Ash Wednesday is not just a time to meditate on our mortality or to confess our individual sin and failings, but it is also a time when we should focus on our social sins and sins against other people in the things we have done and the things we should have done and the things we left undone.
Ash Wednesday is a time when we are reminded that in the Lenten Discipline God’s desires for us have nothing to do with what we “give up” but has everything to do with taking on a more disciplined concern for meeting the needs of the afflicted concretely.
Isiah makes it clear that the worship God desires is both inescapably social and compellingly personal. Lent calls us to “loose the bonds of injustice, to undo the thongs of the yoke… to share our bread with the hungry, and bring the homeless person into our homes…
“Authentic worship is not a matter of elegant ritual of self-congratulatory piety. It is a matter of both social justice and costly personal concern for the bruised and broken world.”
Psalm 51 reminds us that Lent is a time of self-reflection and penitence, a time to acknowledge our sinfulness and the constant need for God’s grace and mercy in our lives and the lives of others.
The Psalm reflects our reality as Christians. We are sinners. We do things that drive us away from God, and we do things that hurt others in our lives.

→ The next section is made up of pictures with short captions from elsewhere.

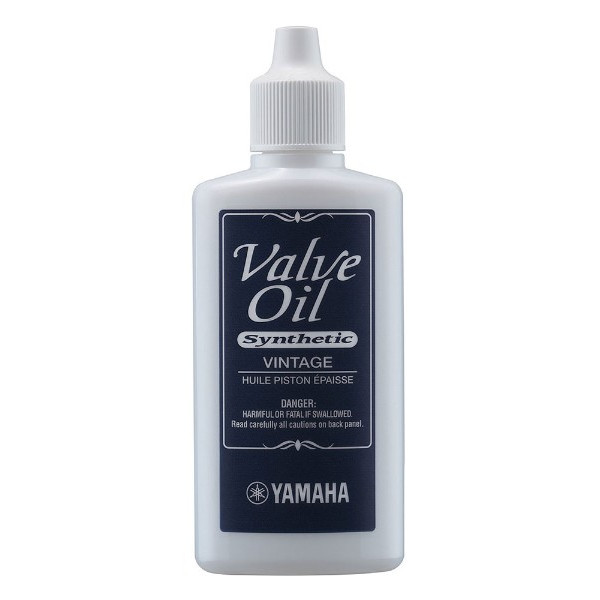Мастило для клапанів труби YAMAHA Valve Oil Vintage (60ml)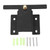 Speaker Wall Mount Bracket Stable Support Hidden Design Easy Installation for SWA‑9200S Wireless Rear Speaker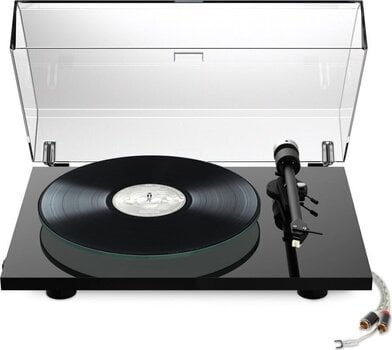 Hi-Fi Turntable Pro-Ject T2 W Negru lucios Hi-Fi Turntable - 3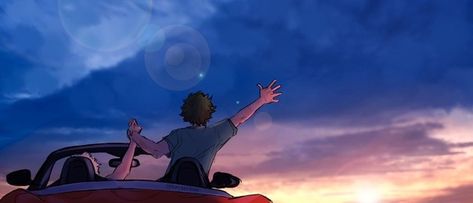 From The Sidelines Bkdk, From The Sidelines, Book Writing Tips, Look At The Stars, My Hero Academia Episodes, Hero Academia Characters, Gay Art, Izuku Midoriya, الرسومات اللطيفة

This time of Lent is to be a time of thoughtful reflection and penitence. Although we practice this all throughout the year, Lent lends itself to a more careful examination. We are called to confess the ways we “have not loved you with our whole heart; we have not loved our neighbors as ourselves.” We need to come to the realization of our utter dependence on God.

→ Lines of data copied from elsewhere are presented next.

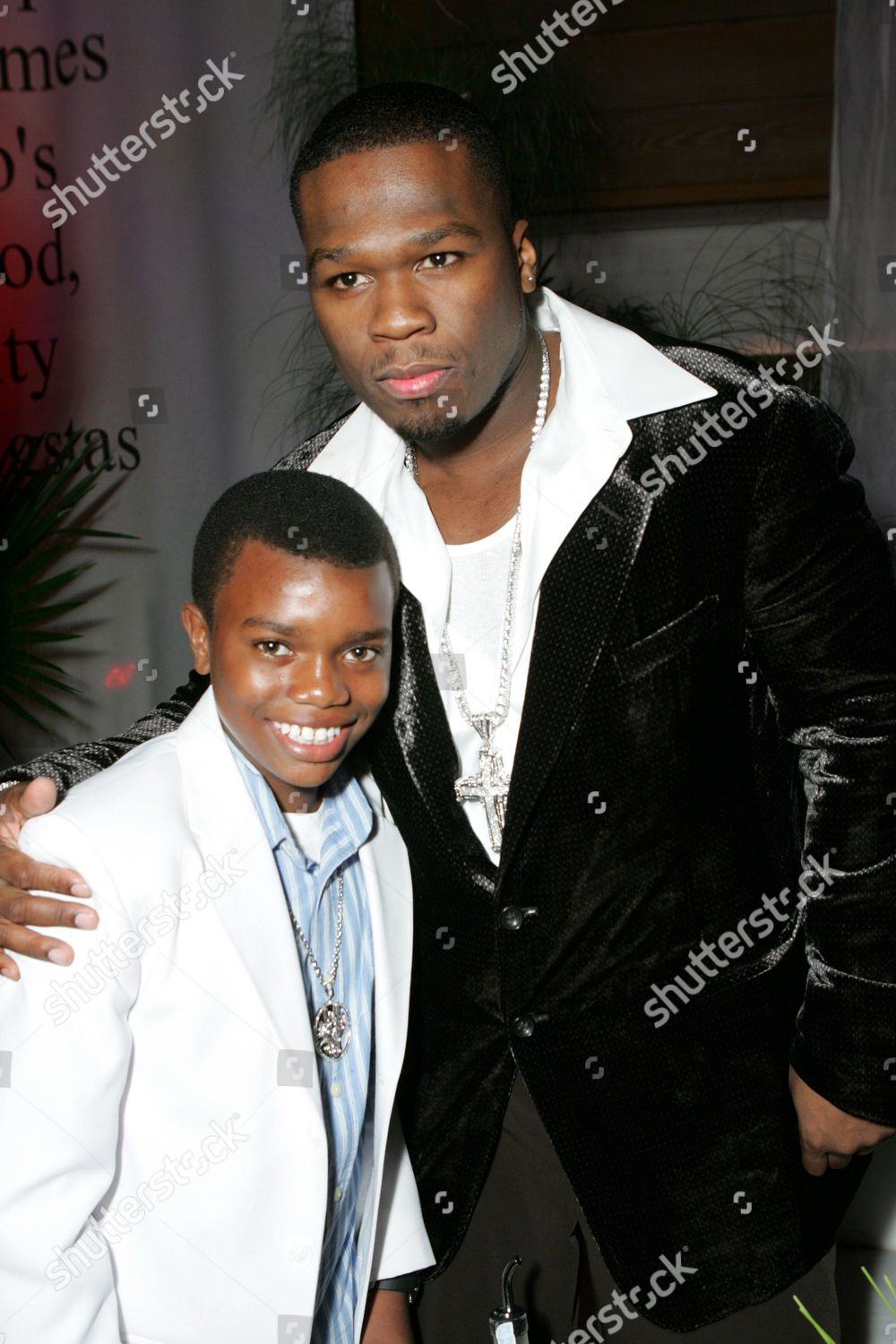 Marc John Jefferies Curtis 50 Cent Jackson Editorial Stock Photo Stock Image Shutterstock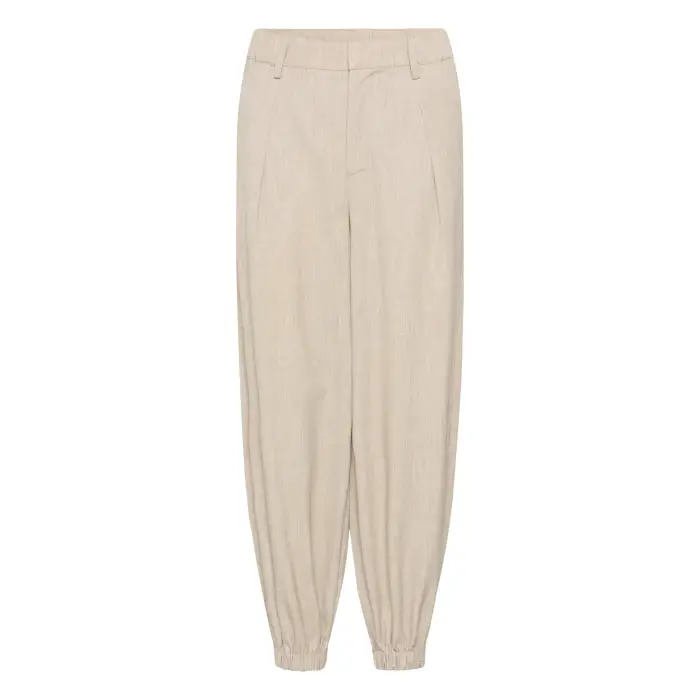 Kaffe Pantaloni da donna KaomilKAOmila Gris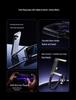 In-Stock 240W Foldable Fast Charging Braided Dual C Data Cable for Apple & Huawei Phones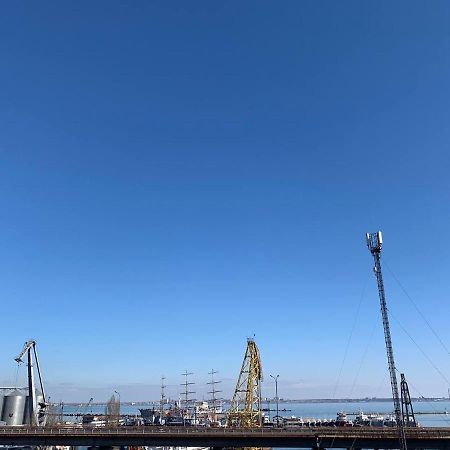 Sea_View Apart Apartment Odessa Luaran gambar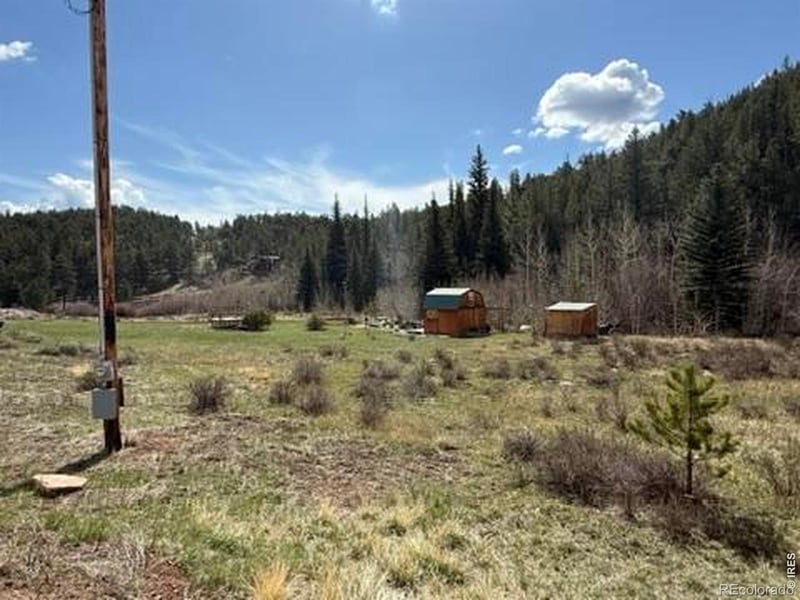 528 Lone Pine Lake Dr, Red Feather Lakes, CO 80545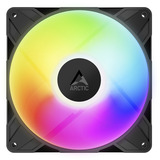 ARCTIC P14 Pro A-RGB ventilateurs de boîtier Noir, 3 pièces, 140 x 140 x 27 mm, PWM
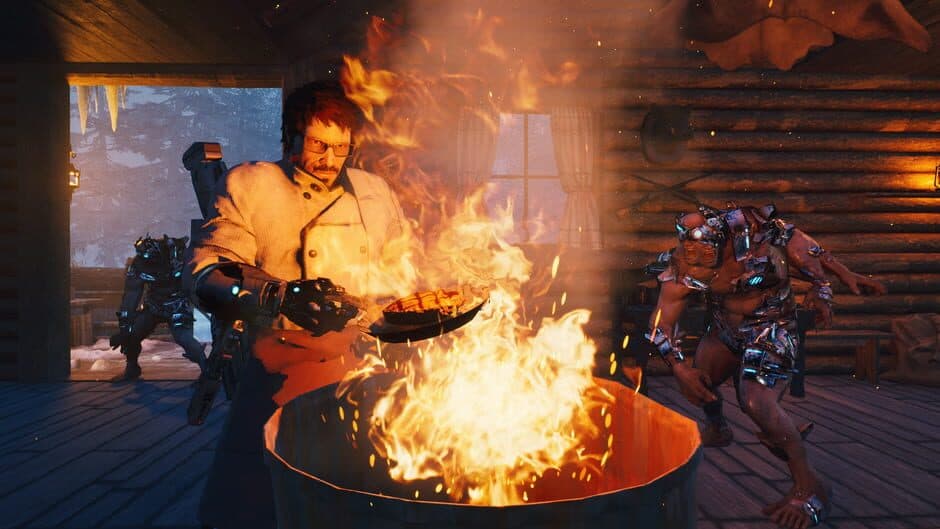 Скриншот 5 из Pizza Bandit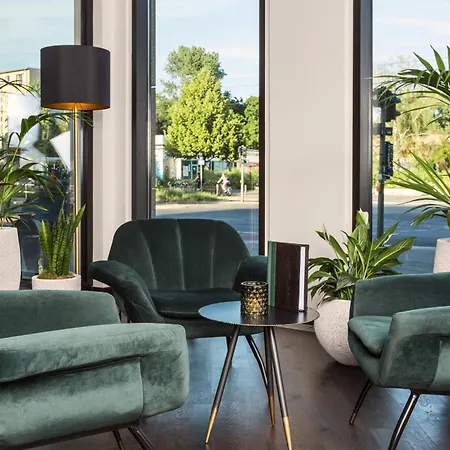 Holiday Inn Berlin City Center East Prenzlauer Berg By Ihg-2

The recitation of Psalm 51 is a central part of the service of Ash Wednesday as well as a Litany of Penitence or a Prayer of Confession. The Litany and Prayer are reminders to us of the ways we have separated ourselves from God and one another.
Almighty God, we confess that we are often swept up in the tide of our generation. We have failed in our calling to be your holy people, a people set apart for your divine purpose. We live more in apathy born of fatalism than in passion born of hope. We are moved more by private ambition than by social justice. We dream more of privilege and benefits than of service and sacrifice. We try to speak in your name without relinquishing our glories, without nourishing our souls, without relying wholly on your grace. Help us to make room in our hearts and lives for you. Forgive us, revive us, and reshape us in your image. Amen.
May the Almighty and merciful God, who desires not the death of a sinner but that we turn from wickedness and live, accept your repentance, forgive your sins, and restore you by the Holy Spirit to newness of life. Amen.
The culmination of the Service of Ash Wednesday is the imposition of ashes with the minister making the sign of the cross on each forehead with the words, “Remember thou art dust and to dust thou shall return.”
Almighty God, you have created us out of the dust of the earth. Grant that these ashes may be to us a sign of our mortality and penitence, so that we may remember that only by your gracious gift are we given everlasting life; through Jesus Christ our Savior. Amen.
As we begin this season of self-reflection let us follow the Psalmists example by focusing on how we are failing to live as God calls us to live and how we are in constant need of salvation and redemption that can only come from God.